One potential problem with these approaches is that an important or necessary conversation may be detrimentally deferred until a later time, or the main conversation may be disrupted by the second conversation. Another potential problem with these approaches is that the second conversation may not enjoy the desired level of privacy or may be conducted in whispers, making the conversation difficult to understand by the participants.
As the foregoing illustrates, a new technique to accommodate multiple conversations simultaneously would be useful.
One or more embodiments set forth include a computing device that includes a wireless network interface and a processor. The processor is configured to receive, via a microphone, a first auditory signal that includes a first plurality of voice components. The processor is further configured to receive a request to at least partially suppress a first voice component included in the first plurality of voice components. The processor is further configured to generate a second auditory signal that includes the first plurality of voice components with the first voice component at least partially suppressed. The processor is further configured to transmit the second auditory signal to a speaker for output.
Other embodiments include, without limitation, a computer-readable medium that includes instructions that enable a processing unit to implement one or more aspects of the disclosed methods. Other embodiments include, without limitation, a method to implement one or more aspects of the disclosed methods as well as a computing system configured to implement one or more aspects of the disclosed methods.
At least one advantage of the approach described herein is that participants in a group may engage in multiple conversations while maintaining appropriate privacy for each conversation and reducing or eliminating disruption to other conversations. As a result, important conversations are not deferred and multiple conversations are accommodated without the need to find separate physical space to accommodate each separate conversation.

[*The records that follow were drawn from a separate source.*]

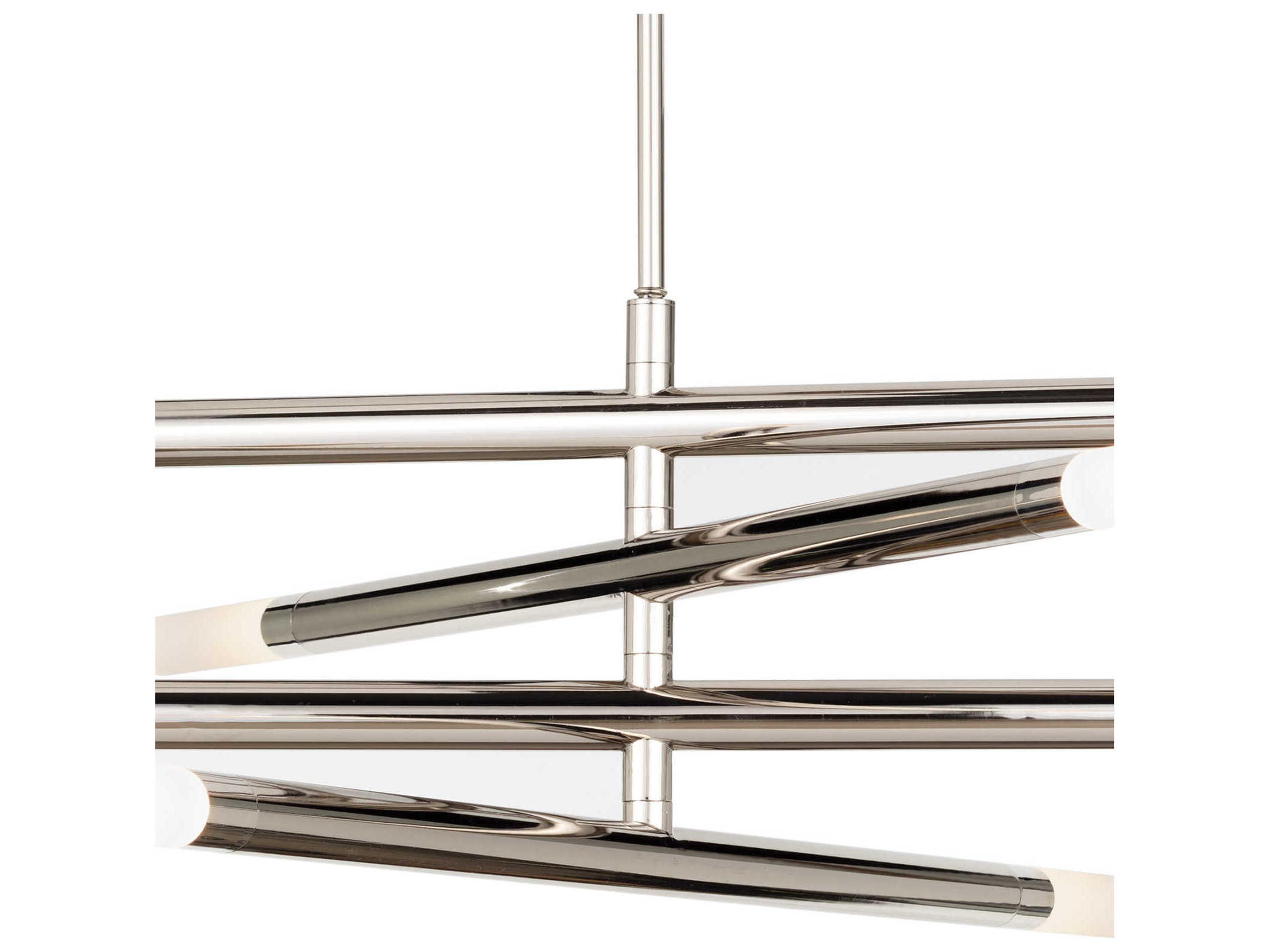 Regina Andrew Wick 8-Light Polished Nickel Chandelier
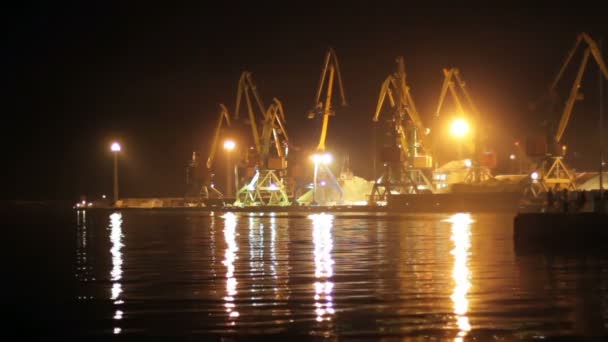 Last sidan port — Stockvideo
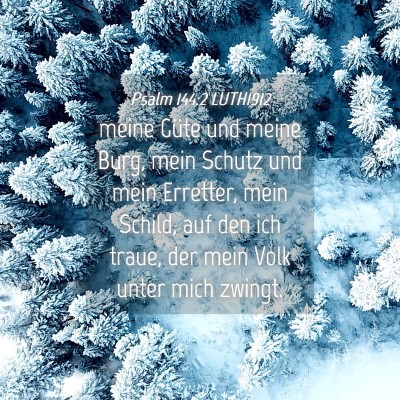 Picture 04 - Psalm 144:2 LUTH1912 - meine Güte und meine Burg, mein Schutz und mein - Bible Verse Picture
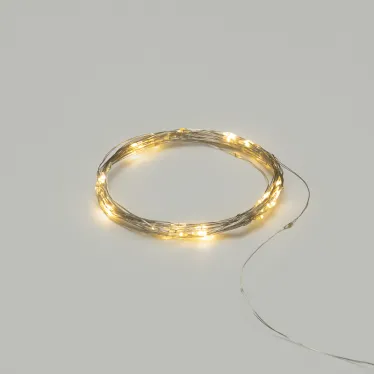 Гирлянда Роса 5 м, 50 LED, USB, теплое белое свечение | 315-966 | NEON-NIGHT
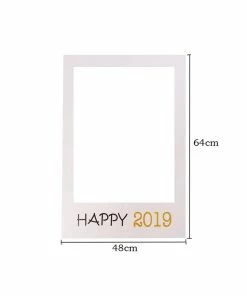 Online American Store New Year Collection Happy New Year Balloons Photobooth Props Funny Mustache Happy 2019 New Year Eve Photo Booth Props Christmas Decorations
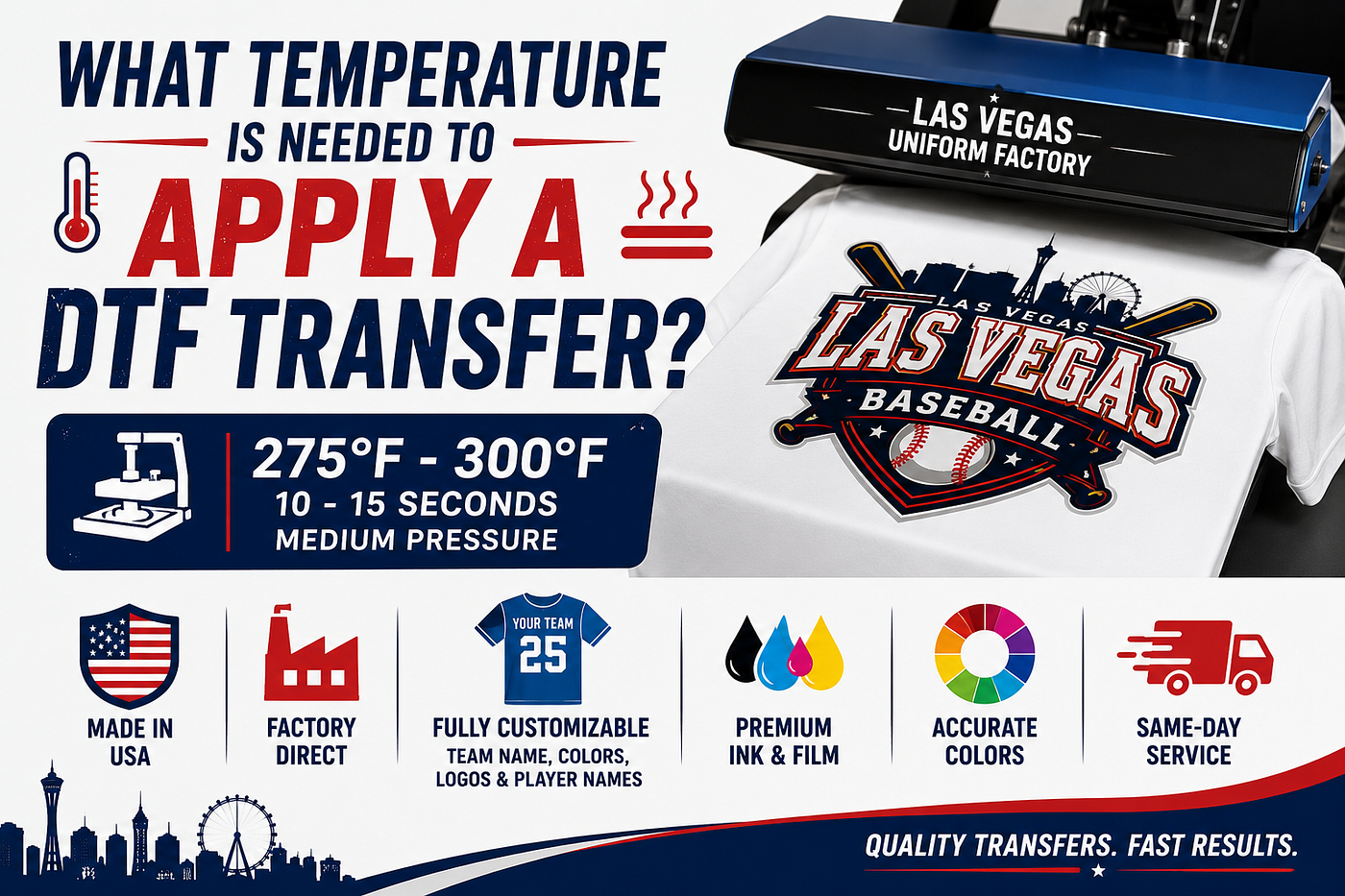 What Temperature Is Needed to Apply a DTF Transfer?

So that the manner in which the recited features of the one more embodiments set forth above can be understood in detail, a more particular description of the one or more embodiments, briefly summarized above, may be had by reference to certain specific embodiments, some of which are illustrated in the appended drawings. It is to be noted, however, that the appended drawings illustrate only typical embodiments and are therefore not to be considered limiting of its scope in any manner, for the scope of the invention subsumes other embodiments as well.
In the following description, numerous specific details are set forth to provide a more thorough understanding of certain specific embodiments. However, it will be apparent to one of skill in the art that other embodiments may be practiced without one or more of these specific details or with additional specific details.

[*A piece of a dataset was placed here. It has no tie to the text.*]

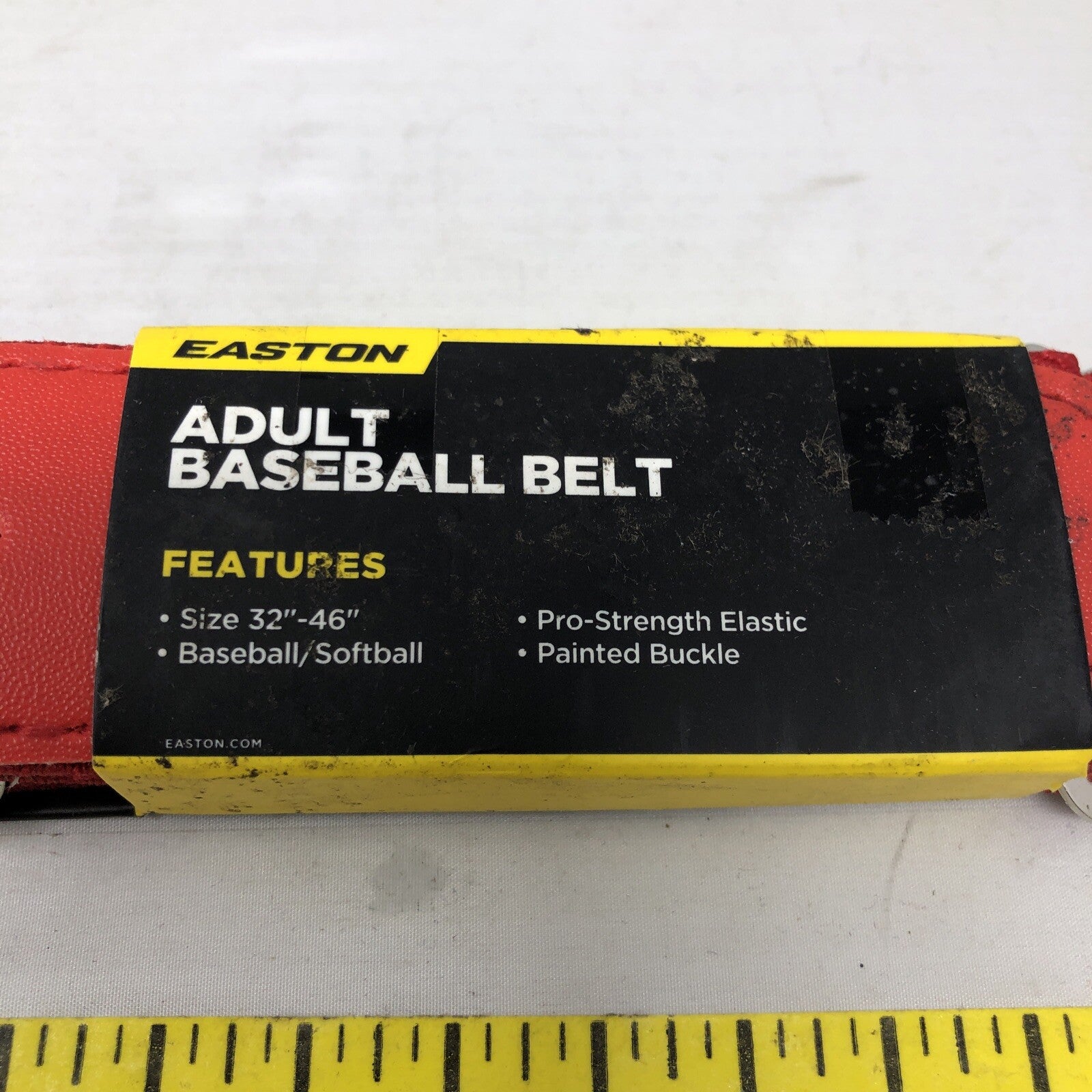 Easton Adult Baseball Belt 32”-46” Red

Microphone module 110 may be any technically feasible type of device configured to receive audio signals via a microphone and transducer the audio signals into machine readable form. Microphone module 110 is configured to receive audio signals from the physical environment and transduce those audio signals for further processing by processing unit 120 for processing, as described in greater detail below. The audio signals may include spoken voices from various participants in a meeting or other physical space as well as environmental audio sources such as background noise, music, street sounds, etc.
Processing unit 120 may be any technically feasible unit configured to process data and execute software applications, including, for example, and without limitation, a central processing unit (CPU), digital signal processor (DSP), or an application-specific integrated circuit (ASIC). Input devices 125 may include, for example, and without limitation, devices configured to receive input (such as, one or more buttons, without limitation). Certain functions or features related to an application executed by processing unit 120 may be accessed by actuating an input device 125, such as by pressing a button. As further described herein, processing unit 120 is operable to generate one or more audio groups or conversation “bubbles” to fully or partially isolate various users from each other.
Speaker module 140 may be any technically feasible type of device configured to receive audio signal, and generate a corresponding signal capable of driving one or more loudspeakers or speaker devices. The audio signal may be the audio input signal received by microphone module 110, or may be an audio signal generated by processing unit 120. The audio signal received from processing unit 120 may be an alternative version of the audio input signal received by microphone unit 110, but with one or more voices suppressed.
Wireless transceiver 130 may be any technically feasible device configured to establish wireless communication links with other wireless devices, including, without limitation, a WiFi™ transceiver, a Bluetooth transceiver, an RF transceiver, and so forth. Wireless transceiver 130 is configured to establish wireless links with other auditory scene controllers and a central communications controller, as further described herein.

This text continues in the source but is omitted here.